En un pasaje de la canción, los versos dicen algo así como «siento que nunca nadie me dijo la verdad sobre lo difícil que es crecer y la lucha que tendría que librar para conseguirlo. En mi enredo mental, he estado mirando atrás para saber en qué me he equivocado».
Casi treinta años después de aquellos versos, el Gobernador de Salta ha demostrado, con sus palabras y sus actos, que nadie se acercó a él para decirle lo complicado que es esto del crecimiento y que el amor -el que dice profesar por Salta y por los salteños- no es suficiente para evitar equivocarse.
El discurso que hoy ha pronunciado el mandatario salteño ante la Asamblea Legislativa demuestra una importante perturbación mental, pero no una intención sincera de mirar hacia atrás para buscar los errores.
La causa de esta carencia, que algunos sitúan claramente en el terreno del narcisismo, podría encontrarse sin embargo en el «amor excesivo» que el autor de los errores dice experimentar por Salta y por sus habitantes.
¡Qué enamorado no se ha equivocado alguna vez! ¿No sería más humano entenderlo y perdonar sus errores?
Tal vez, pero este enamorado, en concreto, lleva diez años equivocándose en su inexorable marcha hacia la madurez, sin que nadie se le haya acercado y dicho al oído aquella inmortal frase de Norman Mailer: «Hay una ley de vida, cruel y exacta, que afirma que uno debe crecer o, en caso contrario, pagar más por seguir siendo el mismo».

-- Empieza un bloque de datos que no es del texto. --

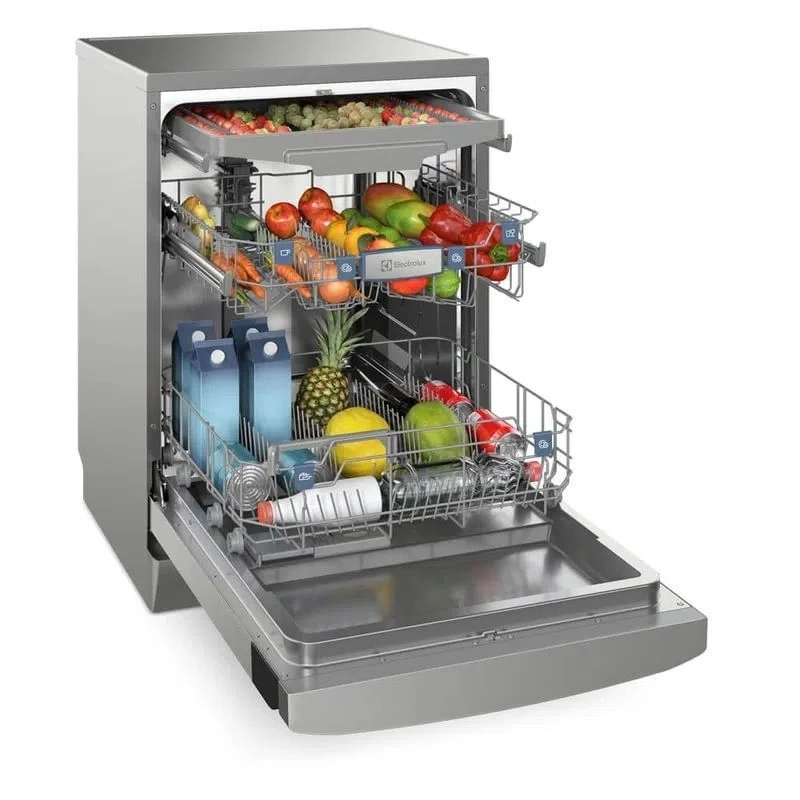 Lava Louças Electrolux 14 Serviços Inox com Função Higienizar Compras (LL14X) - 3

Las sociedades modernas no se gobiernan con amor. Es la ciencia la que soluciona los problemas y no los sentimientos, por muy puros e intensos que estos pudieran ser. Cuando un gobierno combina poco acierto con mucho amor, sus pobres resultados empujan a revisar el peso, generalmente desproporcionado, que tiene «el amor» en las decisiones colectivas.

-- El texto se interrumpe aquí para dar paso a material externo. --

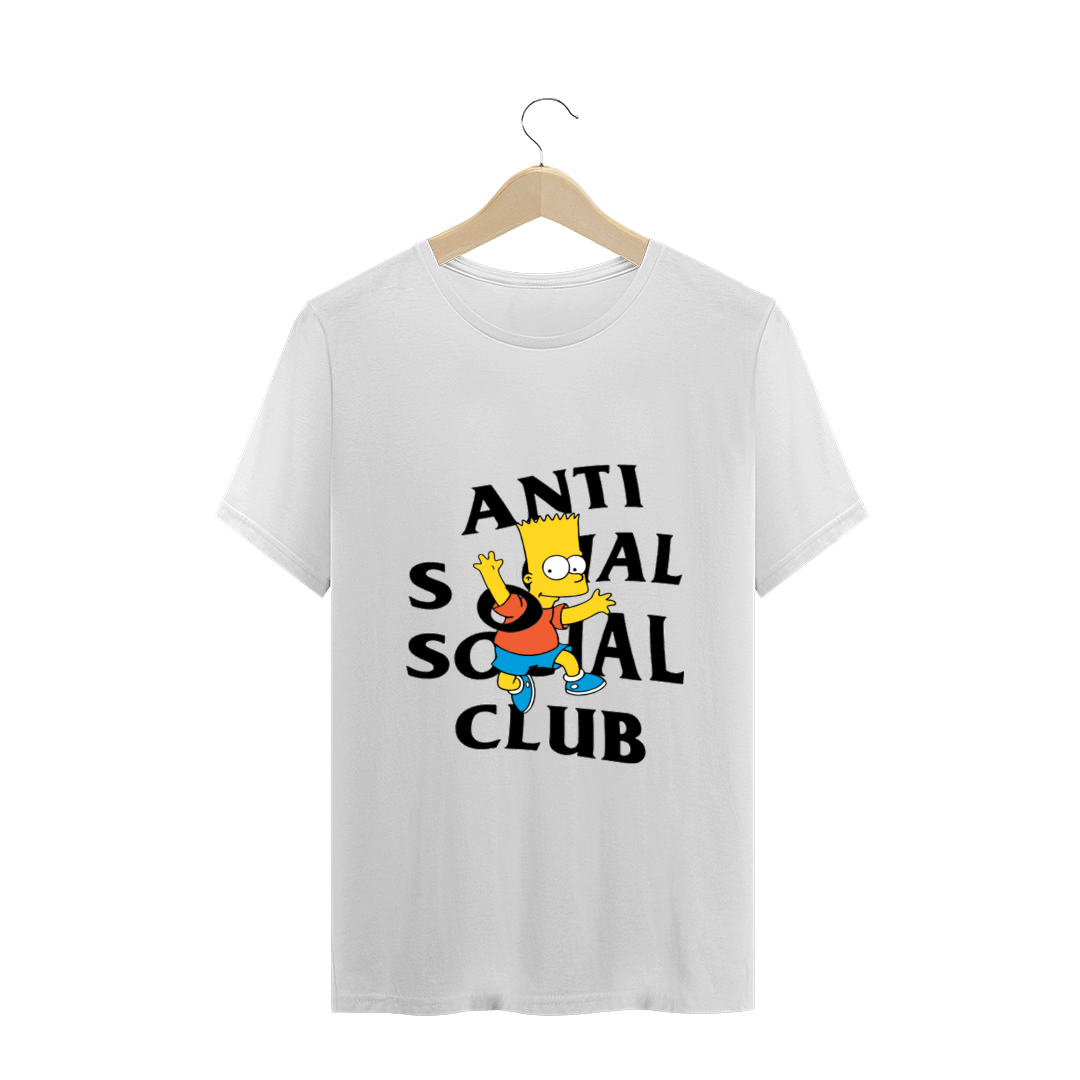 Nome do produto  Anti Social Bart Simpson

De un líder político eficaz se esperan respuestas que abarcan un amplio rango de soluciones racionales, y no tanto arrebatos emocionales, que solo quedan como recursos extremos para quienes, a falta de solvencia democrática, prefieren movilizar las pasiones de los gobernados, con la intención de evitar que los ciudadanos piensen.
El gobernante paternalista es el que dice que nos ama y porque nos ama nos da dinero (en forma de inversiones). Pero quien así obra ni es un buen gobernante ni es un buen padre. Lo saben mejor que nadie los hijos de aquellas familias ricas que han visto en sus casas circular dinero en abundancia pero casi nada de decencia.

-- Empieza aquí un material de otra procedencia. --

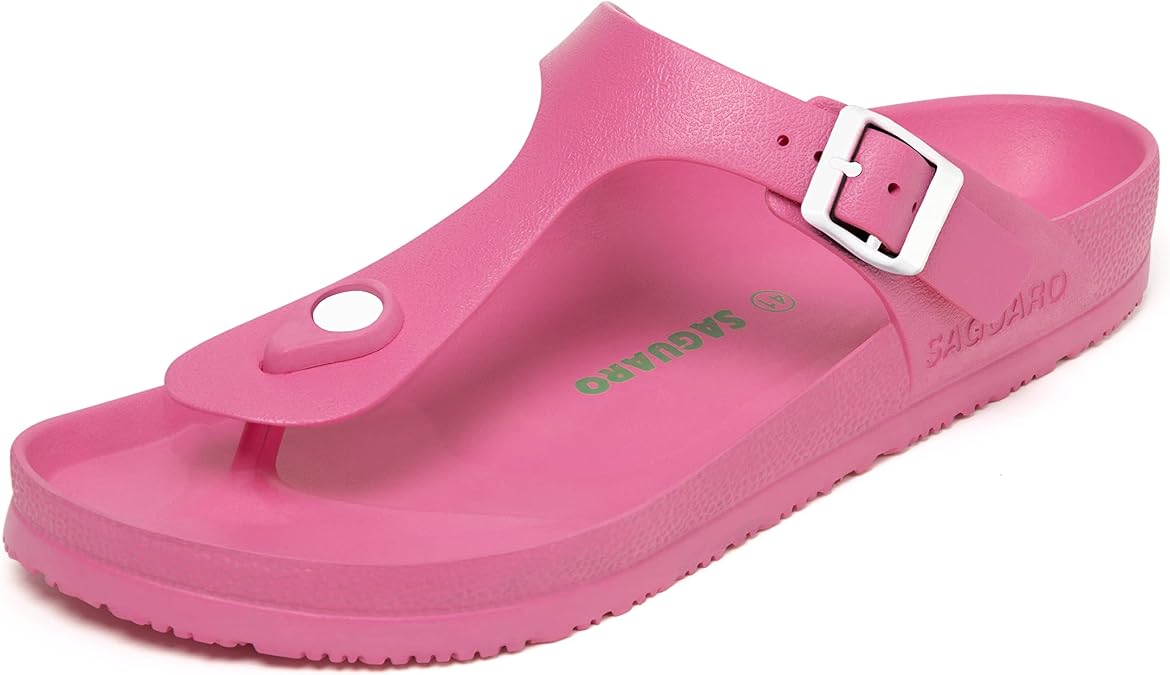 Adjustable Double Buckle Sandals + Adjustable Flip Flops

Si el amor fuese una condición sine qua non para la democracia y para el buen gobierno (algo que afortunadamente no sucede en ningún lugar del mundo), la gobernanza debiera celebrarse todos los 14 de febrero, en coincidencia con el día de San Valentín.
Los salteños, como cualesquiera otros ciudadanos que viven en un territorio democrático, no necesitan tanto amor como justicia y respeto a su dignidad como seres humanos. Y eso significa que entre una tierna palmada o un apasionado beso del líder, prefieren obtener de él una decisión acertada.